Hi all, I use Aerospike community version 3.8.3. I set TTL for some records (persistence in my disk), and they will expired in near future. This temporary data is huge and take a big volume of disk, therefore, I expected them deleted from my disk in time when they are expired and free the disk they taken before.
I want to know, when aerospike evict this expired records from my disk? At next cold start, or when disk usage meet high water level? Is it possible these expired records appear after code start ? Need I worry about this expired records eaten up all my disk? I can make sure they expired in time and never use out of my disk, but I don’t know if they can be evicted in time.
when aerospike evict this expired records from my disk?
eviction and expiration are very different things. Expiration is when the record expires and gets deleted at the specified TTL time. Eviction happens when you do not have enough capacity to handle your current load - so when you breach HWM, Aerospike “evicts” the oldest records - basically a premature expiration to protect your capacity.
Records are expired and deleted in the nsup cycle, which runs frequently. FAQ What are Expiration, Eviction and Stop-Writes?
At next cold start, or when disk usage meet high water level? Evictions happen at HWM. At cold start, it depends on how your namespace is configured. If its a RAM-based namespace, cold start means you just start your server with NO records at all - regardless of TTL.
Is it possible these expired records appear after code start ?
I assume you mean cold start here. If you are persisting data to disk, check if you have “cold-start-empty true” in your namespace configuration. If you don’t, then data will be scanned off the disk and brought back into the cluster. It depends on your use case as to how to handle maintenance - can you tolerate zombie records, are you very sensitive to data integrity, do you have a multi node cluster, do you have capacity to allow for ((1/n-1)+1) * max% increase in data on the other nodes, etc…
Need I worry about this expired records eaten up all my disk?
If you do capacity planning correctly, no. Expired records and other deleted/rewritten records are queued for cleanup later as part of a “defrag” cycle. Aerospike recommends you keep your disk below 50% to allow for defrag to occur.
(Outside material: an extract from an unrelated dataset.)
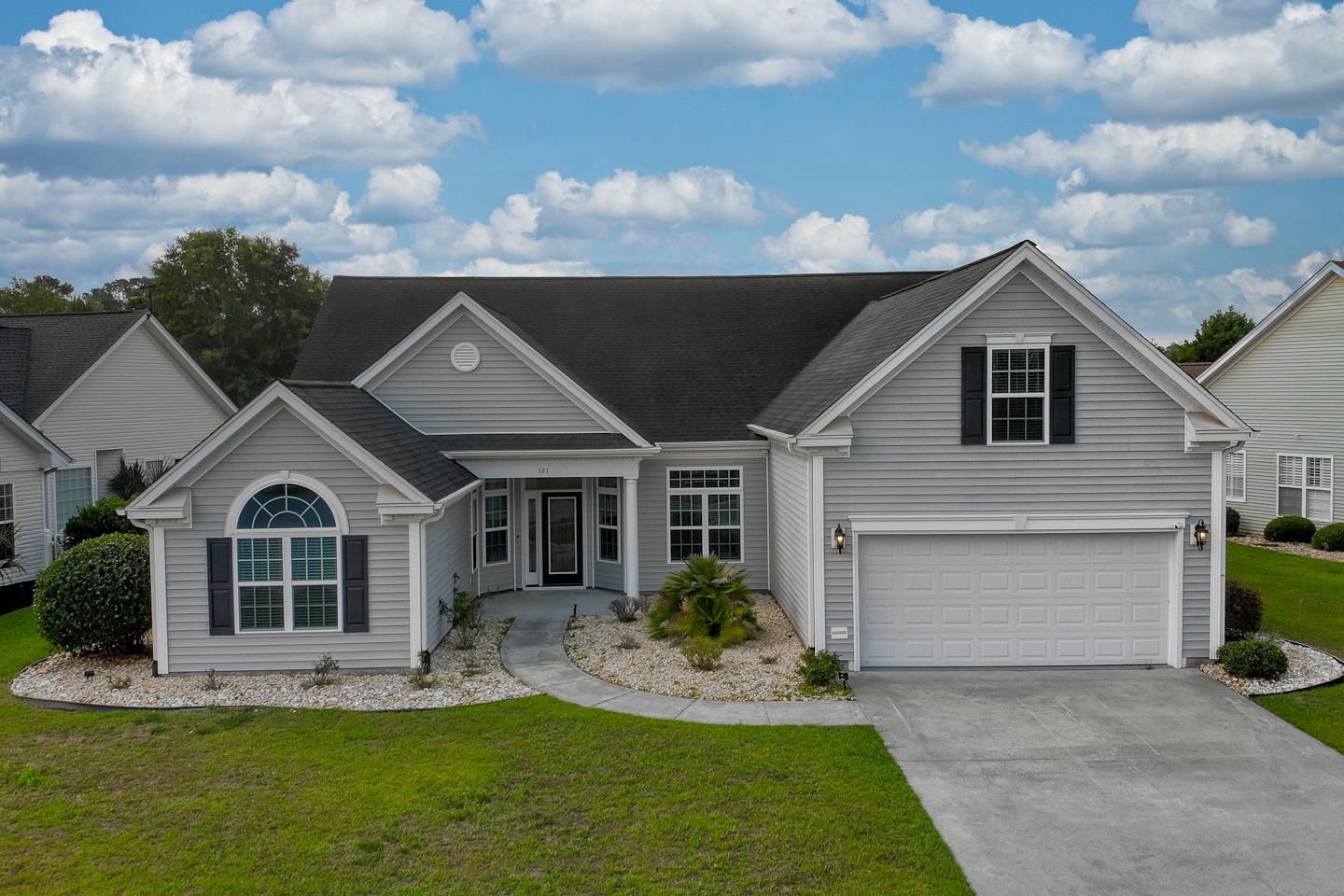 121 Willow Bay Dr. — photo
If using a memory based namespace, you do not need to worry about defrag. Defragmentation
I can make sure they expired in time and never use out of my disk, but I don’t know if they can be evicted in time.
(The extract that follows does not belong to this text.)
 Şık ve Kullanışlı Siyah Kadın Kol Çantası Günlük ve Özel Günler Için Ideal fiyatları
Can you elaborate what the question is here? Are you asking if eviction is happening fast enough? In a perfect world, if you did capacity planning sufficiently, you shouldn’t have evictions.
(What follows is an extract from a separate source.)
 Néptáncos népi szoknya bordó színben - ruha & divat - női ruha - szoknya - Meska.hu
This is true for deleted records but not evicted or expired records. When evictions occur, the eviction depth is stored to the drive header. During coldstart evicted and expired records are not indexed.
I’m not sure if that’s entirely true @kporter. If that was the case, expiration would be preferable to deletion. When my company experienced the zombie record issue, one item for discussion was setting touching the records with a low TTL over performing deletion. I think the final consensus was that both can come back as zombie records.
@Albot the expired/evicted record isn’t the version that comes back in your scenario. As I said, if the record is expired or evicted it will not be indexed on coldstart, however, if a prior version of such record is found further along the disk scan and it isn’t expired or evicted then it will be indexed.
Using expiration and eviction typically does yield a better solution; but, to be rigorous, requires that the TTLs never decrease. These solutions are better as they do not require tombstone management overhead, as well as not needing to create your own eviction like routine.